Dataset items

────────────────────────────────────────

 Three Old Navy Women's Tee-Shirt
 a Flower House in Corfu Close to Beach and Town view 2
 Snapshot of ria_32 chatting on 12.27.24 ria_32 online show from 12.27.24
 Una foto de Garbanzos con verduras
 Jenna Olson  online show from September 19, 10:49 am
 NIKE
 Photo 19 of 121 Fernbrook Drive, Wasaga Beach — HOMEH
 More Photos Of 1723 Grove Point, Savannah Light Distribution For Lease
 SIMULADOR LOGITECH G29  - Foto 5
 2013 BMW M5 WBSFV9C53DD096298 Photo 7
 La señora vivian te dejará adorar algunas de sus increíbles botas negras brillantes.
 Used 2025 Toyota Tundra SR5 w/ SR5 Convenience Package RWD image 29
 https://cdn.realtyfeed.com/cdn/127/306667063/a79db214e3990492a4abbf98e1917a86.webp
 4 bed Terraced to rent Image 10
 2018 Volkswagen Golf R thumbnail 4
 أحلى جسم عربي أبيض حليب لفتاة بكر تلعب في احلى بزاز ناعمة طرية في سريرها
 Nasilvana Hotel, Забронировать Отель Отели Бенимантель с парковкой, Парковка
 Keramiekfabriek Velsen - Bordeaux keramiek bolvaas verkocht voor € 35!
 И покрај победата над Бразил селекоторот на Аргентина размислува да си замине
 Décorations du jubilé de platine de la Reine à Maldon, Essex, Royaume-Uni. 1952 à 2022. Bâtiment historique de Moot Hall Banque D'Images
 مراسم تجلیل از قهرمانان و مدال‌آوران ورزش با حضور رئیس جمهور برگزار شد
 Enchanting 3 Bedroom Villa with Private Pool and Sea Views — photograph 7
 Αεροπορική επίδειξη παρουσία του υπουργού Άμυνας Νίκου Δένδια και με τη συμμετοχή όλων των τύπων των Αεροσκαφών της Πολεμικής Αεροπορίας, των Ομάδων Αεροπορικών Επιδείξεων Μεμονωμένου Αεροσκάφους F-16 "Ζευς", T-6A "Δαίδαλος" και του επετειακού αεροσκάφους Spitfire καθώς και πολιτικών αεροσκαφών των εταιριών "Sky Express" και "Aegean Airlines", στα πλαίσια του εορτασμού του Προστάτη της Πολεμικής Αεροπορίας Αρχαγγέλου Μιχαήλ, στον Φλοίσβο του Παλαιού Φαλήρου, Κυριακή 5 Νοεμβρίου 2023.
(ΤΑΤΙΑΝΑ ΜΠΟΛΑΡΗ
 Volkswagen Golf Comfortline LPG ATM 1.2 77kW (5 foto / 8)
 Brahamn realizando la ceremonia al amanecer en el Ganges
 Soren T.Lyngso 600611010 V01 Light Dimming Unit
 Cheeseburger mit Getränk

────────────────────────────────────────

#### [ACTION ITEM]
In the records above, some lines hold the word "show"; copy each such line.

#### [REPLY TO THE EXERCISE]
 Snapshot of ria_32 chatting on 12.27.24 ria_32 online show from 12.27.24
 Jenna Olson  online show from September 19, 10:49 am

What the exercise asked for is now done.